Add a toy multi-GPU benchmark #5753

wujingyue · 2026-01-03T18:37:06Z

We've been adding C++ multi-GPU benchmarks organically, e.g.,

Fuser/benchmarks/cpp/p2p_communication.cpp

Line 25 in d395676

void benchmarkP2PCommunication() {

and

Fuser/tests/cpp/test_multidevice_lower_communication_cuda.cpp

Line 80 in d395676

at::Tensor runBenchmark(

.

Benchmarks tend to run longer and don't need to run as frequently as (correctness) tests. Therefore, it's worth separating benchmarks from tests.

This PR adds a sample multi-GPU benchmark based on https://github.com/google/benchmark, which nvFuser already uses for single-GPU. This way,

Tests and benchmarks are registered separately and therefore can be run separately.
Benchmarks can leverage tools from Google benchmark. For example, by default, a benchmark reports the average wall time of a non-warmup iteration and prints out the times in a table.

Notes for customization:

The user can measure GPU time with manual timing.
The user can request multiple metrics to be printed out via custom counters.
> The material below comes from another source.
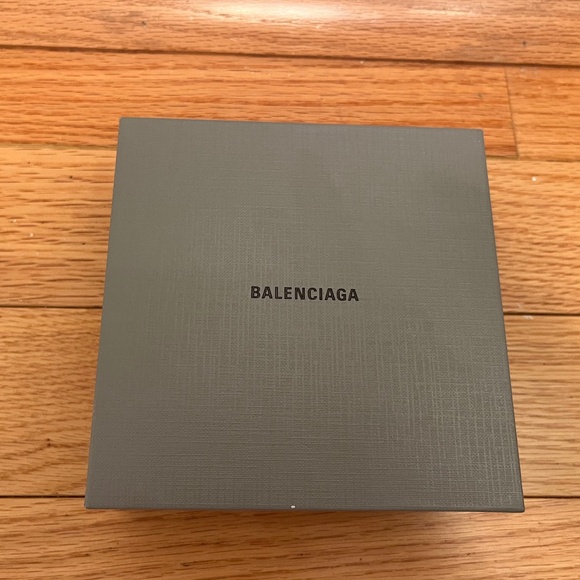 Balenciaga Gold Leather Trifold Wallet - Picture 14 of 15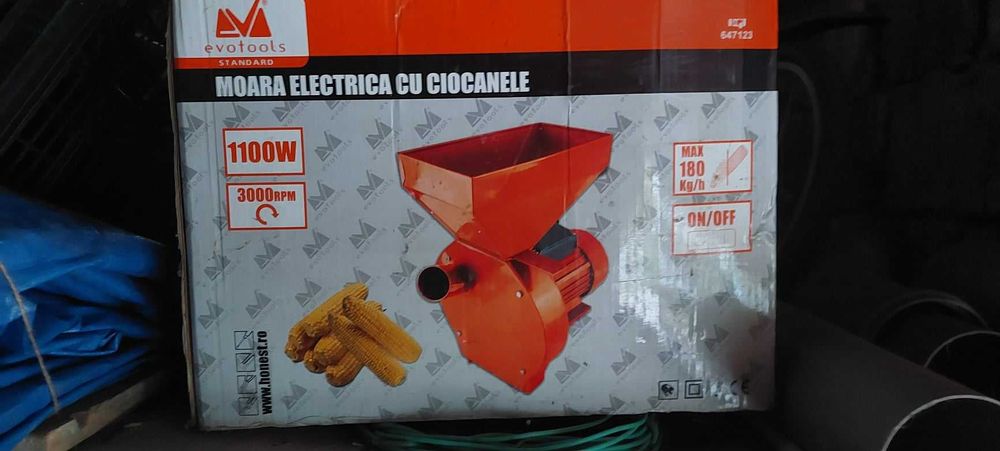 Moara Electrica cu Ciocanele EPTO Evotools 647123 1100W 180 kg/h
Below is the repro for the toy benchmark:

$ mpirun -np 2 -output-filename /tmp/test_multidevice bin/test_multidevice --benchmarks=all

$ cat /tmp/test_multidevice/1/rank.0/stdout
-----------------------------------------------------------------------------------------
Benchmark                                               Time             CPU   Iterations
-----------------------------------------------------------------------------------------
MultiDeviceBenchmark/Reduction/4/iterations:10   20128420 ns     16788148 ns           10
MultiDeviceBenchmark/Reduction/8/iterations:10     100694 ns       100708 ns           10

wujingyue · 2026-01-03T18:37:16Z

!test

github-actions · 2026-01-03T18:38:05Z

Review updated until commit 5da9fb0

Description

Refactor multi-device test infrastructure by separating concerns into MultiDeviceFixture base class
Add MultiDeviceBenchmark class for Google Benchmark integration with multi-device testing
Implement sample MultiDeviceBenchmark::Reduction benchmark for tensor reduction across devices
Update build system to include benchmark library dependencies

Changes walkthrough

Relevant files

Enhancement

multidevice.h `Refactor test infrastructure with fixture separation` tests/cpp/multidevice.h Rename MultiDeviceTest to MultiDeviceFixture base class Create new MultiDeviceTest class inheriting from NVFuserTest and MultiDeviceFixture Add MultiDeviceBenchmark class inheriting from benchmark::Fixture and MultiDeviceFixture Add benchmark and gtest includes	+25/-7
multidevice.cpp `Implement fixture classes and benchmark integration` tests/cpp/multidevice.cpp Implement MultiDeviceFixture constructor/destructor Add MultiDeviceBenchmark::TearDown with barrier synchronization Add benchmark detection logic in main() function Update main() to run benchmarks when requested	+42/-5

Tests

test_multidevice_sharding.cpp `Add sample multi-device benchmark test` tests/cpp/test_multidevice_sharding.cpp Add MultiDeviceBenchmark::Reduction benchmark test Register benchmark with Arg(4), Arg(8), and Iterations(10) Include benchmark header for Google Benchmark support	+36/-0

Configuration changes

CMakeLists.txt `Add benchmark library dependencies` CMakeLists.txt Add benchmark include directory to test build configuration Link benchmark library to test targets	+2/-0

PR Reviewer Guide

Here are some key observations to aid the review process:

🧪 PR contains tests
⚡ Recommended focus areas for review
Constructor ordering The MultiDeviceFixture constructor is defined before MultiDeviceTest constructor, but MultiDeviceTest inherits from MultiDeviceFixture. This could lead to initialization order issues. The constructors should be properly ordered or MultiDeviceFixture should have a virtual destructor. MultiDeviceFixture::MultiDeviceFixture() { // Enable logging in c10d so debug messages can be printed out via // `TORCH_DISTRIBUTED_DEBUG`. c10d::setDebugLevelFromEnvironment(); communicator_ = &Communicator::getInstance(); tensor_options_ = at::TensorOptions().dtype(at::kFloat).device(communicator_->device()); debug_print = getNvFuserEnv("MULTIDEVICE_DEBUG_PRINT") != nullptr; } MultiDeviceTest::MultiDeviceTest() { disable_skip = getNvFuserEnv("MULTIDEVICE_DISABLE_SKIP") != nullptr; } Benchmark iteration consistency The comment mentions that iterations must be consistent across processes to prevent hanging, but there's no validation that all processes actually receive the same iteration count. Consider adding runtime validation.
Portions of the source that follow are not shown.